• Records from a collection:
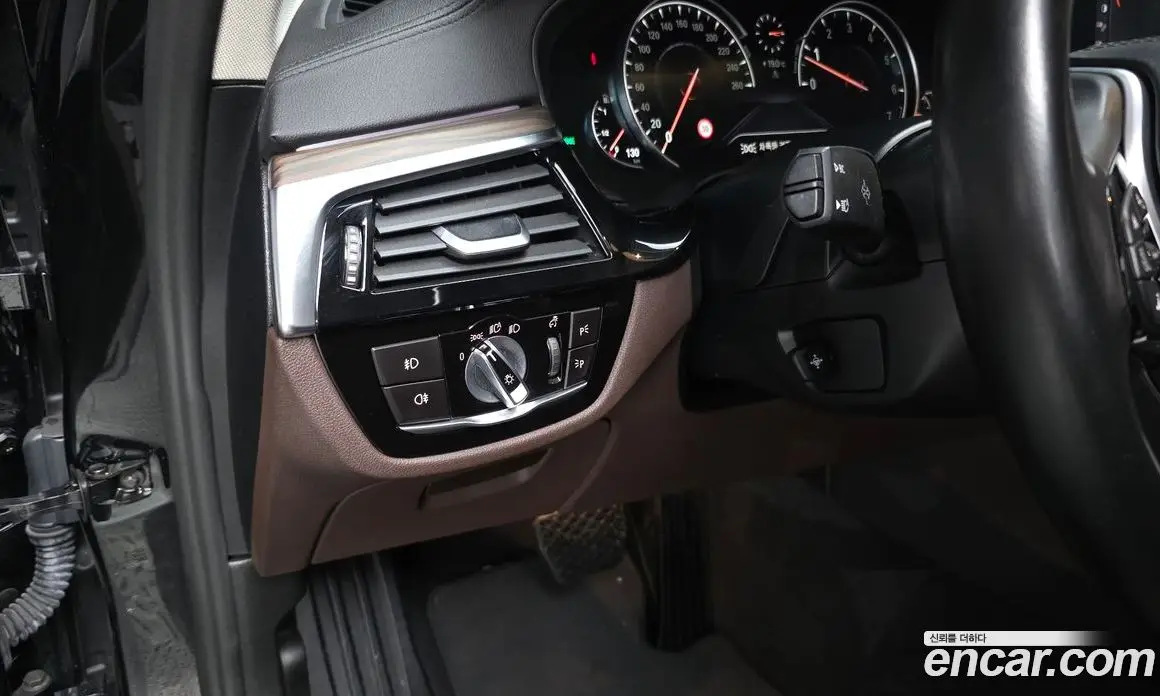 BMW 5 серия 2018 2.0 автомат (гидро), фото 18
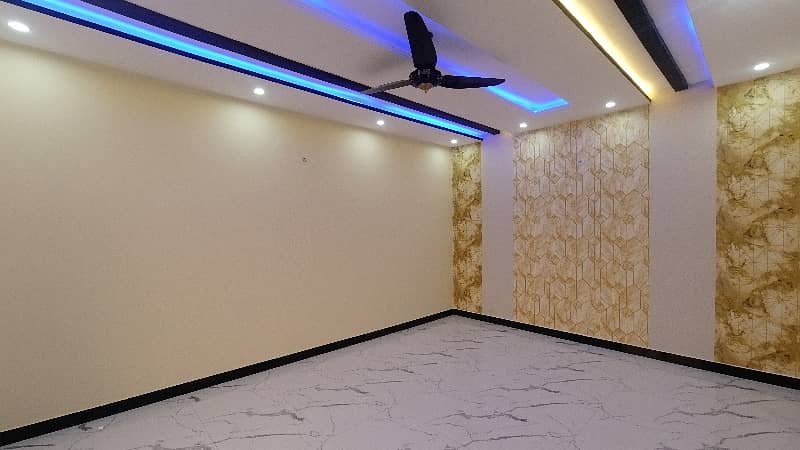 2275 sq/ft Facing Park Luxury House For Sale Abu Baker Blok 30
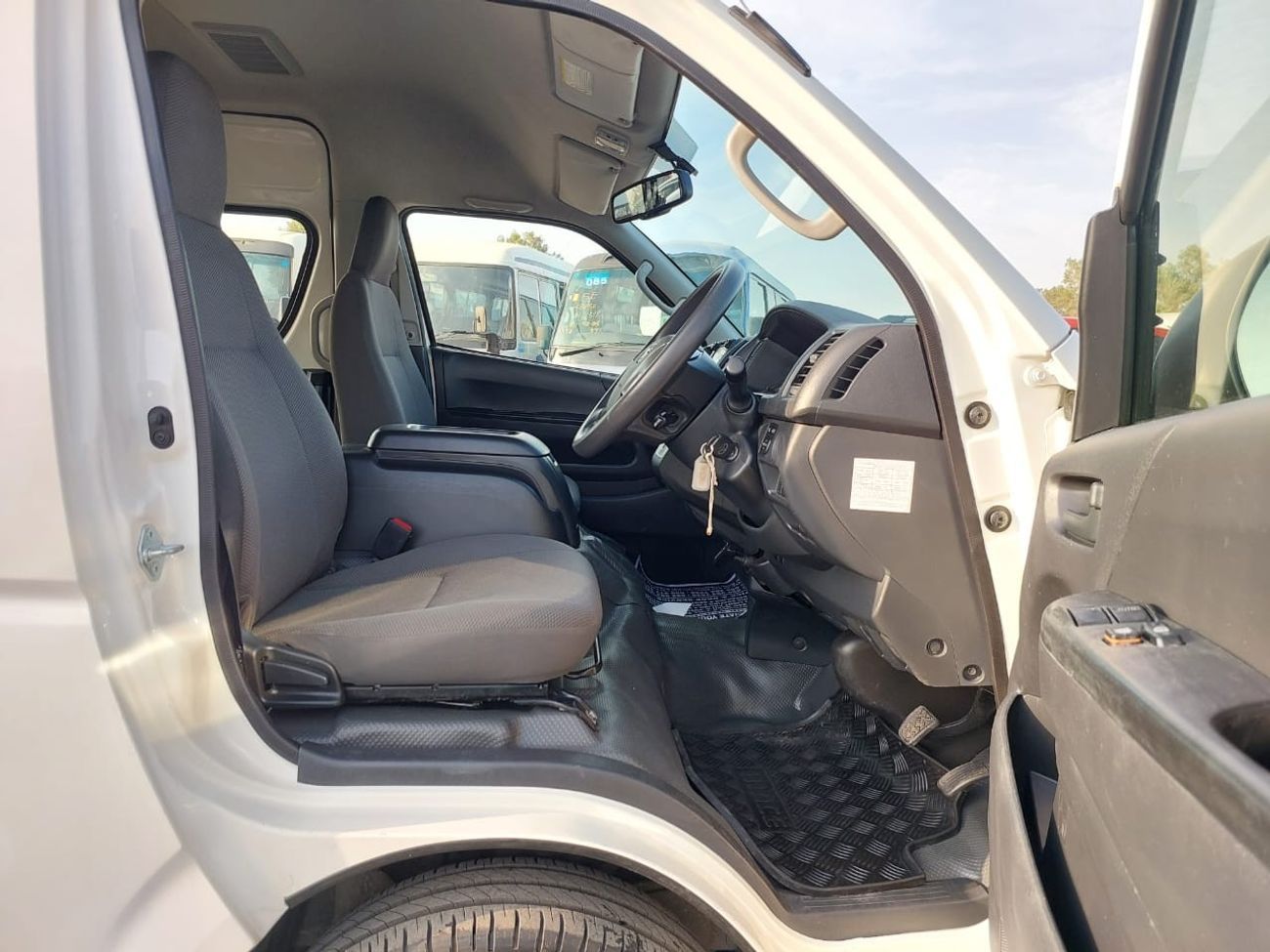 تويوتا هاياس TOYOTA HIACE COMMUTER VAN RHD 2019 MODEL 3.0 L DIESEL AUTOMATIC(PM39520)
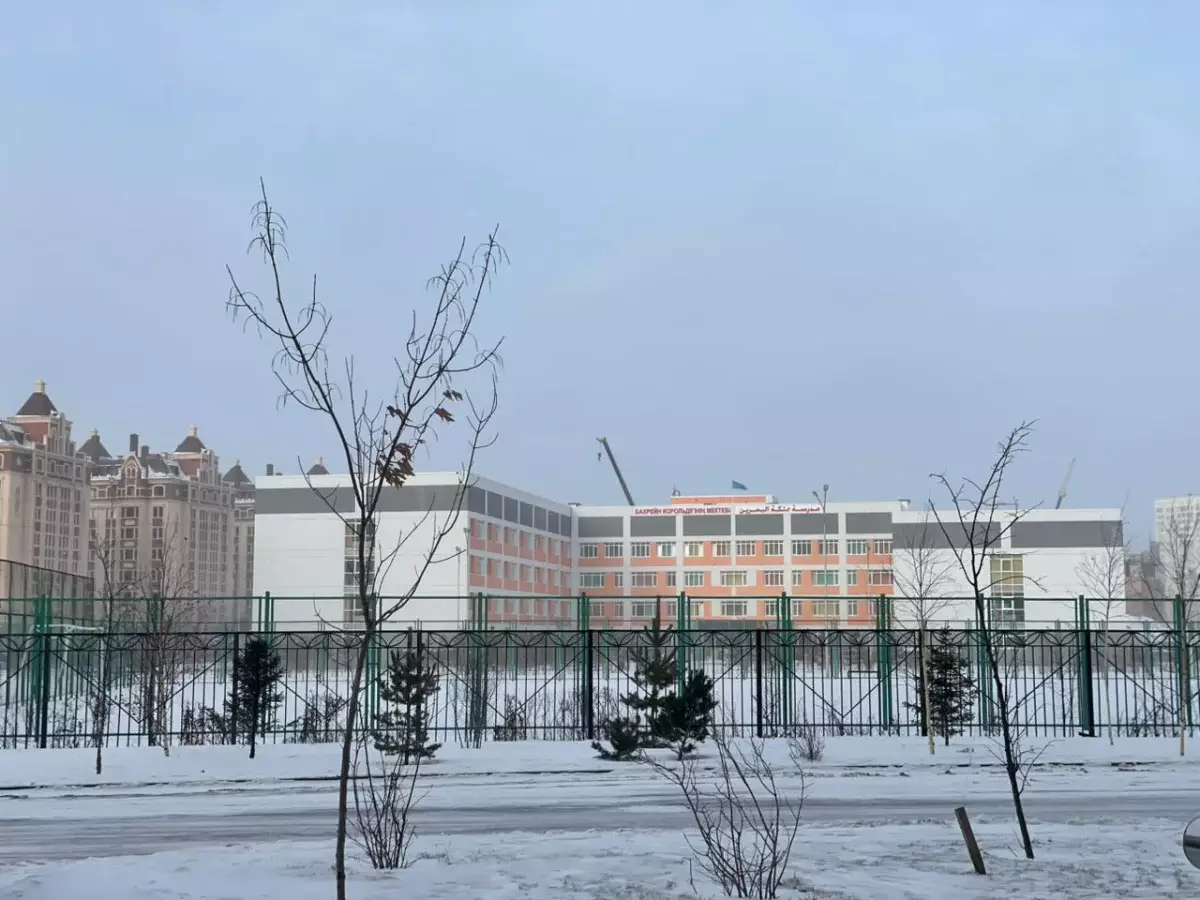 Астанчане возмутились внезапным переводом школьников на дистанционное обучение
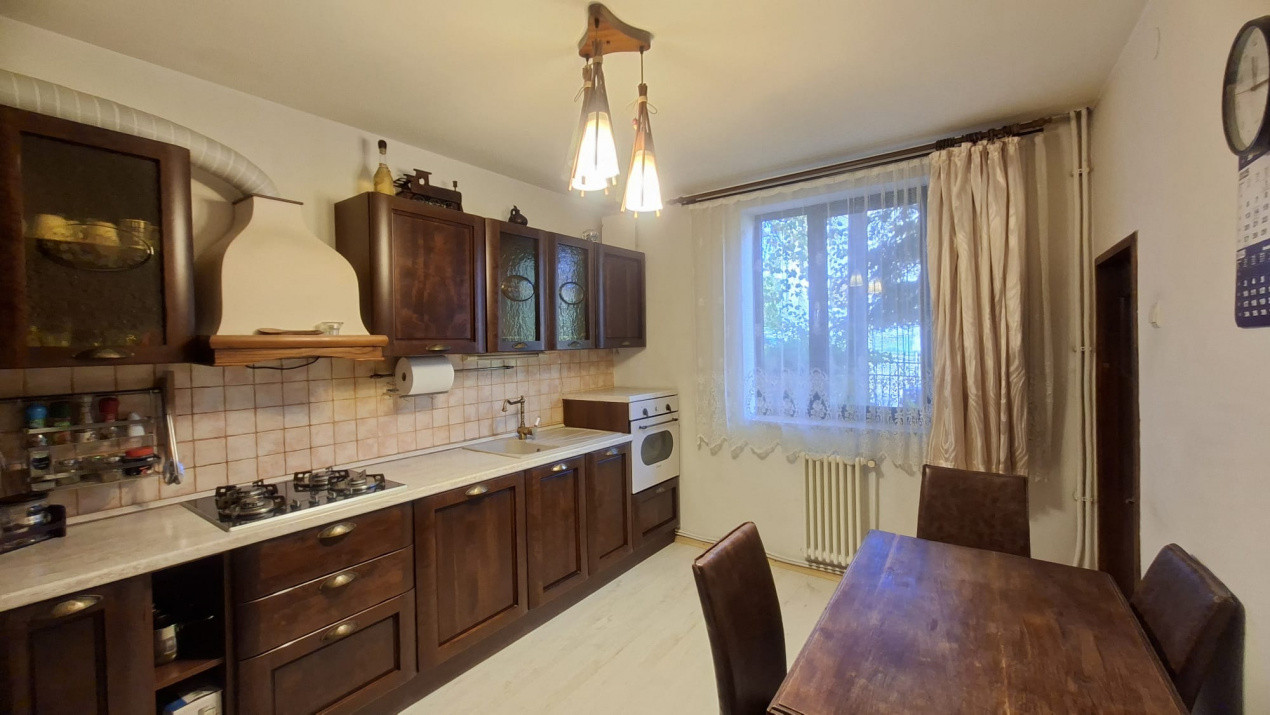 Casa Centrala de vanzare - Strada Rahovei Pitesti 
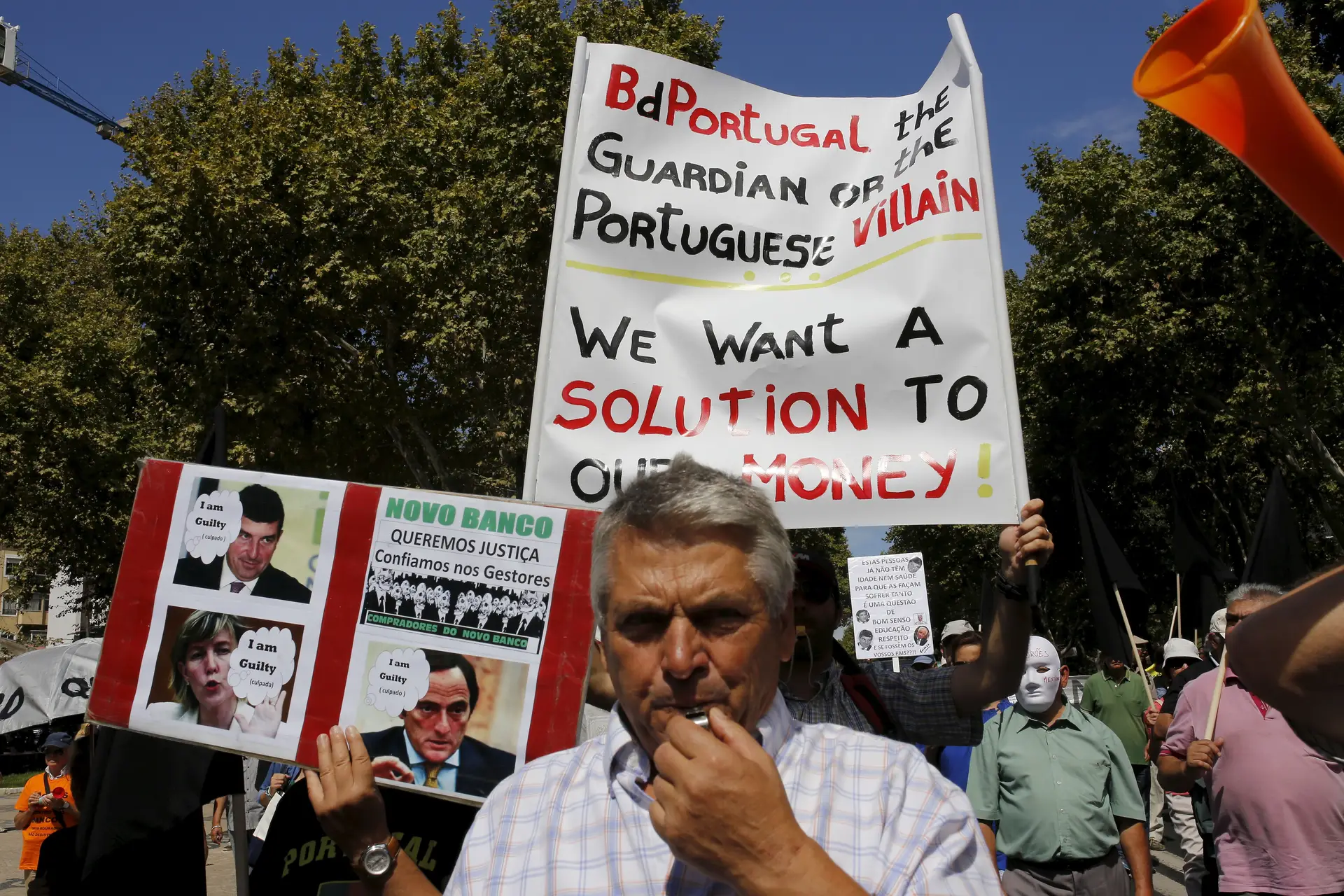 Emigrantes lesados protestam em Paris contra "crime" e "vergonha" 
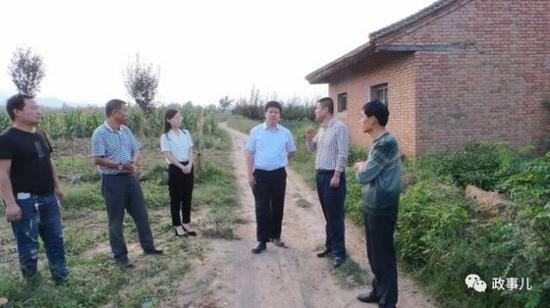 “政事儿”（微信ID：xjbzse）注意到，郑睿臻首次以周至县副县长的身份，亮相当地官方报道，是在9月9日。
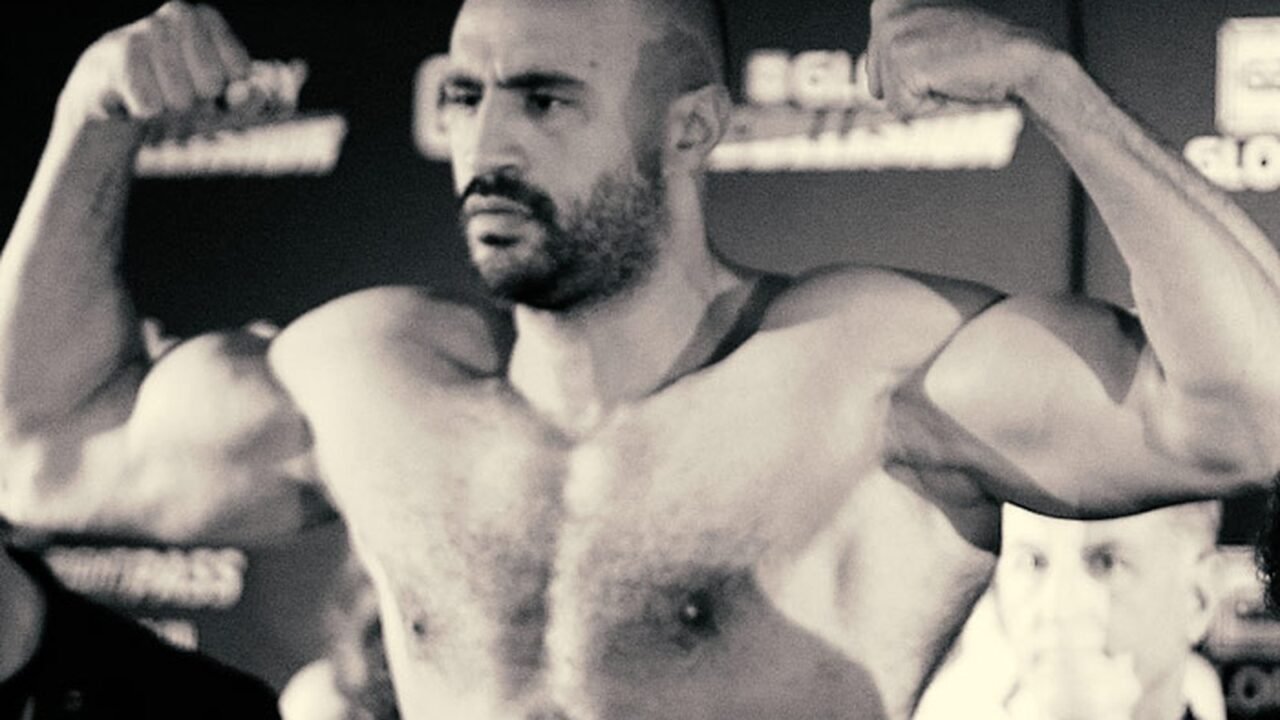 Kickboxer Badr Hari bei einem Wiegen vor einem Glory-Kampf (Archivbild)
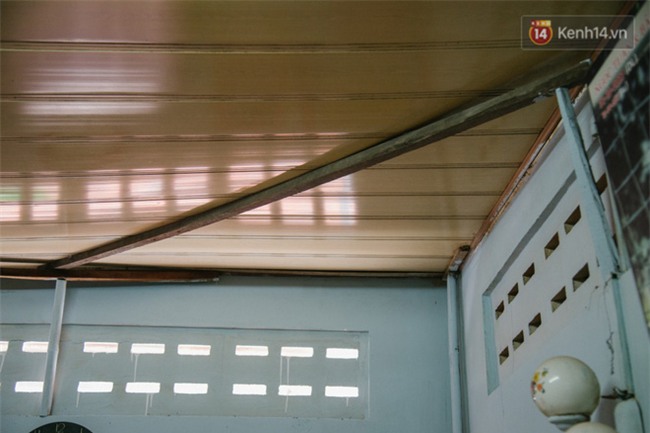 Về thăm căn nhà nhỏ cũ kỹ của gia đình thủ môn U23 Việt Nam: Mẹ ung thư, cha mất khả năng lao động - Ảnh 3.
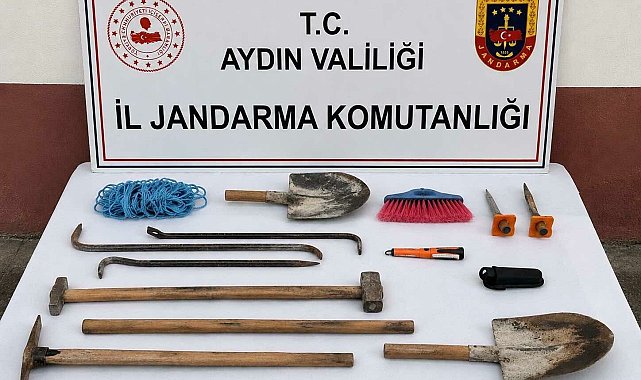 Aydın'da kaçak tarihi eser kazısına suçüstü; 3 gözaltı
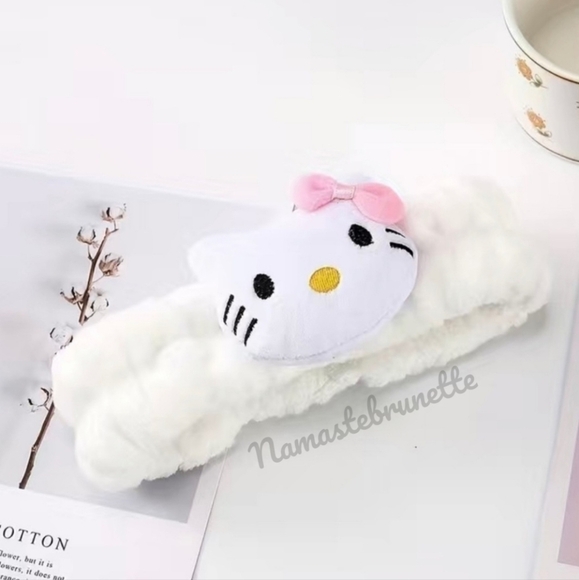 Hello Kitty Plush Headband For Spa Makeup Sanrio Kawaii - Picture 4 of 11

• What to work on: Restate the data above word for word, so that the only difference is the missing pictures.

• Exercise response:
 BMW 5 серия 2018 2.0 автомат (гидро), фото 18
 2275 sq/ft Facing Park Luxury House For Sale Abu Baker Blok 30
 تويوتا هاياس TOYOTA HIACE COMMUTER VAN RHD 2019 MODEL 3.0 L DIESEL AUTOMATIC(PM39520)
 Астанчане возмутились внезапным переводом школьников на дистанционное обучение
 Casa Centrala de vanzare - Strada Rahovei Pitesti 
 Emigrantes lesados protestam em Paris contra "crime" e "vergonha" 
 “政事儿”（微信ID：xjbzse）注意到，郑睿臻首次以周至县副县长的身份，亮相当地官方报道，是在9月9日。
 Kickboxer Badr Hari bei einem Wiegen vor einem Glory-Kampf (Archivbild)
 Về thăm căn nhà nhỏ cũ kỹ của gia đình thủ môn U23 Việt Nam: Mẹ ung thư, cha mất khả năng lao động - Ảnh 3.
 Aydın'da kaçak tarihi eser kazısına suçüstü; 3 gözaltı
 Hello Kitty Plush Headband For Spa Makeup Sanrio Kawaii - Picture 4 of 11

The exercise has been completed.